*TASK INSTRUCTIONS*
Write out each line of the material exactly as given, and drop the images.

*DATA EXCERPT*
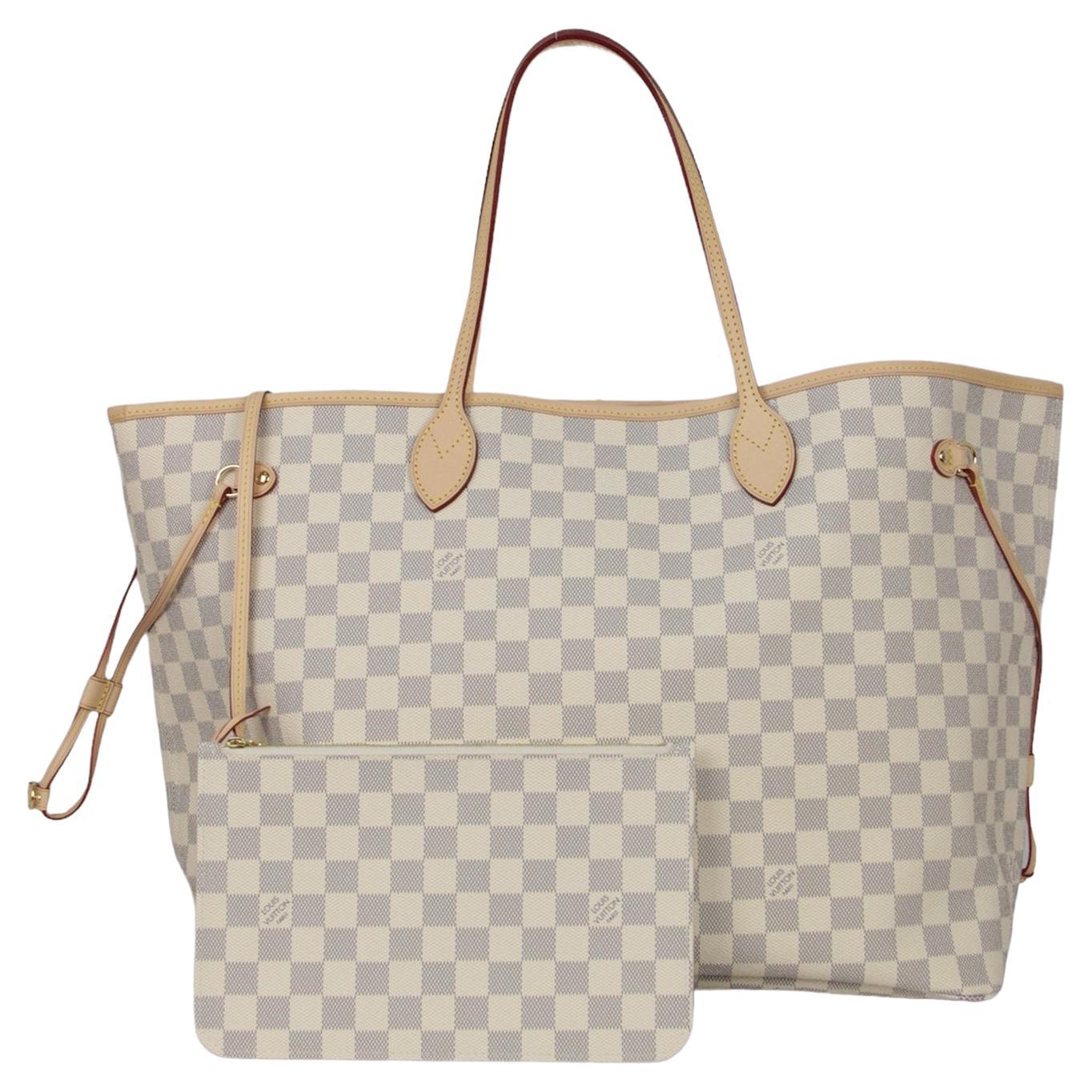 Louis Vuitton Damier Azur Neverfull GM Tote Bag w/ Insert en vente
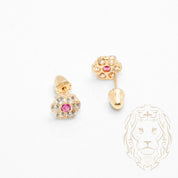 Studs to screw - 10K Gold yellow flower in red cz stones - BOG770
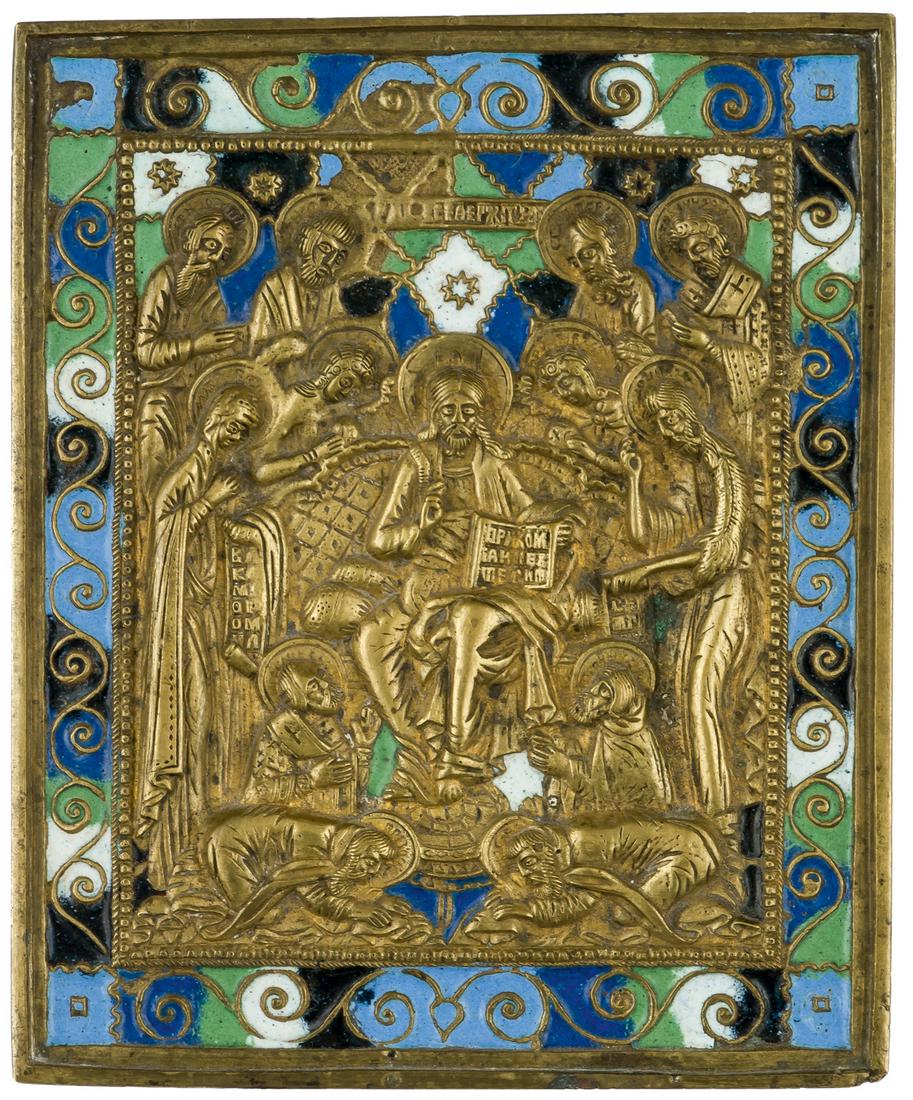 FIVE TIMES ENAMELLED RUSSIAN METAL ICON SHOWING THE ENLARGED DEESIS (1 of 1)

*RESULT*
 Louis Vuitton Damier Azur Neverfull GM Tote Bag w/ Insert en vente
 Studs to screw - 10K Gold yellow flower in red cz stones - BOG770
 FIVE TIMES ENAMELLED RUSSIAN METAL ICON SHOWING THE ENLARGED DEESIS (1 of 1)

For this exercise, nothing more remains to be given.